Fig. 25.1: Temperature trends for NSW. The gradient of the best fit line is 0.08 ± 0.11 °C per century.




Fig. 25.2: Temperature trends for Victoria. The gradient of the best fit line is -0.04 ± 0.09 °C per century.




Fig. 25.3: Temperature trends for Tasmania. The gradient of the best fit line is 0.72 ± 0.11 °C per century.




Fig. 25.4: Temperature trends for South Australia. The gradient of the best fit line is 0.40 ± 0.11 °C per century.




Fig. 25.5: Temperature trends for Western Australia. The gradient of the best fit line is 0.76 ± 0.11 °C per century.




Fig. 25.6: Temperature trends for Northern Territory. The gradient of the best fit line is 0.09 ± 0.09 °C per century.




Fig. 25.7: Temperature trends for Queensland. The gradient of the best fit line is 0.69 ± 0.13 °C per century.




Conclusions

1) The Berkeley Earth adjusted data trends appear to closely follow the actual data trends for the period after 1970. However, before 1970 the two trends often diverge significantly.

2) Even after divergence, the Berkeley Earth adjusted data trend has almost identical features to the corresponding actual data trend. These features include the patterns of peaks, and the large changes in gradient at similar points in time. In fact the adjusted and unadjusted trend lines appear to show near identical instances of abrupt discontinuities and rapid temperature changes at various points along their respective records.

3) Linear regression fits to temperature record data cannot adequately represent the complexity of the data. For example, a 100-year best fit to the NSW data in Fig. 25.1 yields a gradient of 0.08 °C per century for the period 1901-2000, yet for the interval 1881-1980 this changes to -0.41 ± 0.11 °C per century. Likewise, changing the interval of the best fit for Northern Territory to 1886-1985 also changes the gradient to -0.41 ± 0.11 °C per century, while a best fit interval of 1871-1970 for South Australia results in a gradient of -0.60 ± 0.12 °C per century. In other words, the gradient of the best fit line depends strongly on the measurement interval chosen for the best fit.
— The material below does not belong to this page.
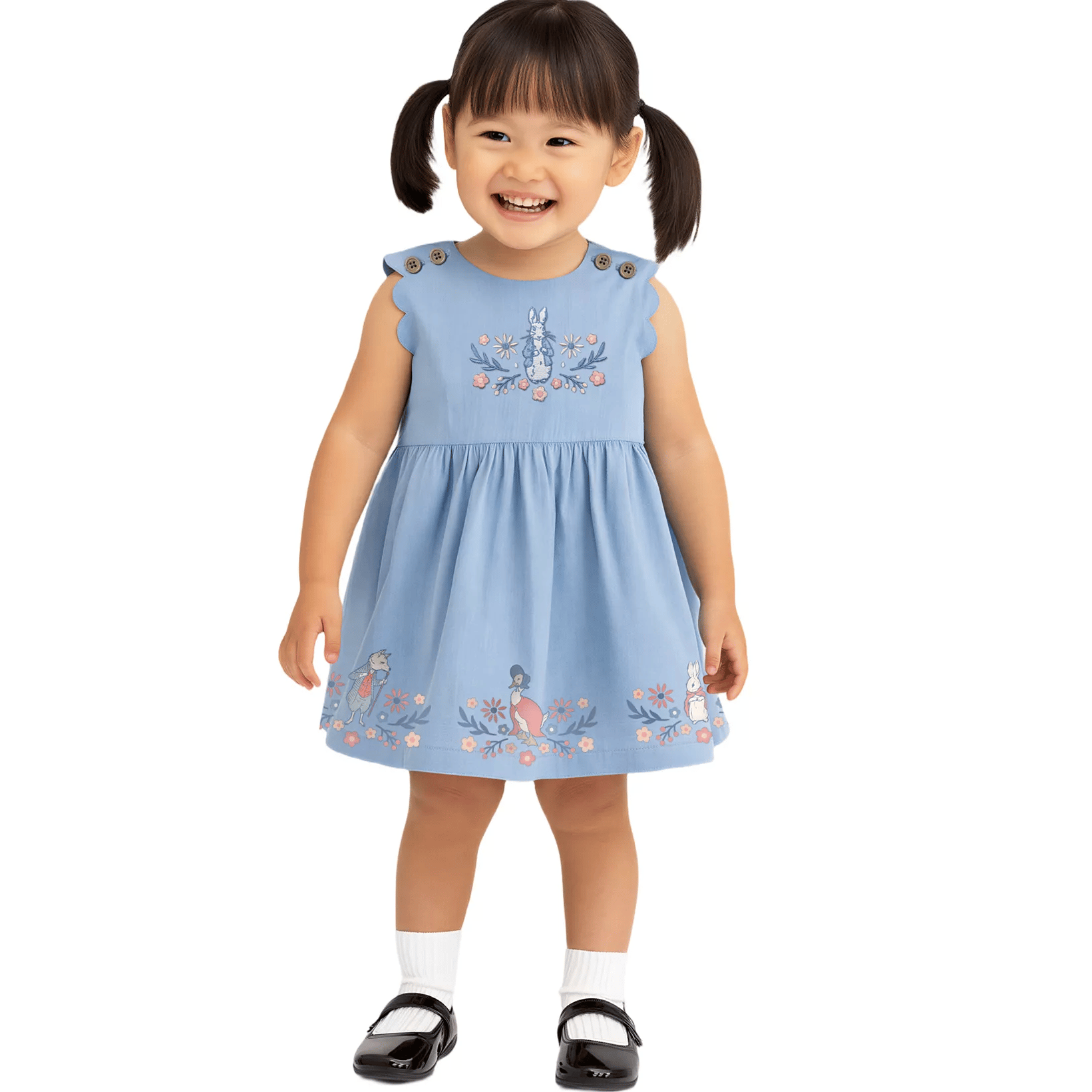A young girl wears a light blue sleeveless dress adorned with embroidered animals and floral designs, buttoned at the shoulders, paired with white socks and black shoes.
4) The temperature trends based on actual data (not the Berkeley Earth adjusted data) suggest that for most states, except maybe Queensland, average temperatures in the latter part of the 20th century were lower than those in the latter part of the 19th century.

5) In most states the majority of any climatic warming has occurred after 1980.


Links to all posts with my original analysis are listed below or on the sidebar.

New South Wales (and ACT)

Victoria

Tasmania

South Australia

Western Australia

Northern Territory

Queensland


Monday, July 27, 2020

24. Queensland - temperature trends 0.7°C WARMING


i) Weather station quality and distribution

Queensland is the second largest state by area in Australia, but only the third largest by population. Given that the provision of weather station records around the world appears to broadly correlate with a combination of population and GDP, one would therefore expect Queensland to have more temperature records than smaller states such as Tasmania, South Australia and Northern Territory, but less than states with larger populations such as Victoria and New South Wales (NSW). This is broadly the case, although not in the case of Victoria.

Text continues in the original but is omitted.